Dear Diary: Hepburn
What a difference a day makes &c. I was practically a W-O-M-A-N today. (Sing it, Maria!) And yet it wasn’t that I got so much done as that I attended to so many different things, one of which was finishing The Kiss Murder, Mehmet Murat Somer’s “detective novel” starring an Audrey-Hepburn-like drag queen who’s also a gifted kick-boxer, a veritable Jackie Chan in YSL. In Istanbul, did I mention.
PLUS! PLUS! PLUS! I fixed the dishwasher. Me, moi! All by myself.
Okay, no plumbing was involved. What had happened — a fit of pique. The sort of thing that happens only when I’m really too tired to be in the kitchen. Sure, I’d floated through the evening on a sea of Sancerre and Champagne, but intoxication was not the culprit. I wasn’t so much a drunk as an overtired three year-old. If you’ve been around an overtired three year-old lately, you know that it is easier to plug a volcano with your index finger than to quiet a toddler who has gotten stuck in the phase change between wakefulness and sleep. (Cue the streaky Star Trek effects!) That was me on Wednesday night. I gave the middle rack of the dishwasher a yank. No doubt I meant to punish it by forcibly evicting it from the dishwasher. In this I was successful.
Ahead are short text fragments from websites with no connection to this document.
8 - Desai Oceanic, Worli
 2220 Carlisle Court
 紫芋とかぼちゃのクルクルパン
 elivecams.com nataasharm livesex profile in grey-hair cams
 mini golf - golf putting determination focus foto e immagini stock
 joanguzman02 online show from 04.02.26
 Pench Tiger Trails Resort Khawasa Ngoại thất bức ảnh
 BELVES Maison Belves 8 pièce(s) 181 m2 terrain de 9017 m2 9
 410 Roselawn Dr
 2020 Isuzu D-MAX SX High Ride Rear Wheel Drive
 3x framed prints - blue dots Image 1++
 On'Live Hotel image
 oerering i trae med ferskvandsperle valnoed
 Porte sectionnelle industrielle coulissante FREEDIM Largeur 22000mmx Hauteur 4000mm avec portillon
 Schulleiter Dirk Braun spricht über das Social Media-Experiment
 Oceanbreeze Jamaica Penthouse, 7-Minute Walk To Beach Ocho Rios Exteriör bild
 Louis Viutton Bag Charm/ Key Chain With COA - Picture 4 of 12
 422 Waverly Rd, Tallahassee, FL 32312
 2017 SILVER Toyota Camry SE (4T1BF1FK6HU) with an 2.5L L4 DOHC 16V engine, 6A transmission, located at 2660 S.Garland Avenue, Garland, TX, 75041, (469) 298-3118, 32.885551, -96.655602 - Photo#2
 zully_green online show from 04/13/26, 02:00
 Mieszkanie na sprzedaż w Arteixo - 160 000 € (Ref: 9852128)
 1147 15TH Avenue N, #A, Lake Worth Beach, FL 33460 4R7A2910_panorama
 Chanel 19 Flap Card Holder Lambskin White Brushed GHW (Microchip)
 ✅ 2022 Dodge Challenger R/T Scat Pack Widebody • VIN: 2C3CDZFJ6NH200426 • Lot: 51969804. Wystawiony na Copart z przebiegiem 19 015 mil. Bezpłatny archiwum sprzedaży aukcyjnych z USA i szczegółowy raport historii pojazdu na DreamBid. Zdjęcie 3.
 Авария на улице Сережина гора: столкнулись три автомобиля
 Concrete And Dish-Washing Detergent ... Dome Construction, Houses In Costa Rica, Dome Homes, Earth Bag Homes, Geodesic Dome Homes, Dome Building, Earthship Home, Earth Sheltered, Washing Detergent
How to put it back, though….
Only when all the dishes and whatnot of the not-a-birthday party had been washed (on the bottom rack; the dishwasher continued to work just fine, at half capacity) did I figure out how to fix the thing. As you can imagine, what was missing after the defenestration was whatever it was that kept the middle rack from rolling on indefinitely, right off the retractable rails. What in model railroading was called a “buffer” — the things at the end of the track at Washington’s Union Station that will keep a locomotive from ploughing into the passengers. I new that I was missing the dishwasher’s objective correlative of these stoppers, but I had no idea what it looked like. Until I chanced to see the upper rack, the very shallow shelf for silver (this is a Miele we’re talking about; none of those ground-floor silverware baskets here!). At the end of each retractable rail, there was a little plastic plug. Aha! I was looking for two items. What did they look like? And — in a miracle of modern cognition — no sooner did I realize that I was looking for two plastic plugs (as opposed to the band of aluminum that I’d imagined) than they both appeared! Unbroken! Plugged into place, they did their job, although the trauma of ejection had weakened the grip of the join on the right. So I fastened both plugs with twist-ties.
Wasn’t that fascinating?
Having shared all of this wonderful news, I find that I have no energy at all for a discussion of Los Abrazos Rotos, the new Almodóvar film. I saw it late this afternoon — something else that I did today that wasn’t exactly taxing. All I’ll say now is that Penélope Cruz has never been more ravishing. Her brilliant smile eats up the screen with the gusto of Audrey Hepburn — or Katharine, if you prefer.
Kathleen will be leaving for Florida in the morning, even though the weather there is supposed to be worse for Florida than what we’re going to have is for New York. I’ve sent her off with a last supper of some of my best dishes: tomato soup, grilled lamb chops, steamed baby asparagus and roast new potatoes. A Hepburn sort 0f menu, when you think about it.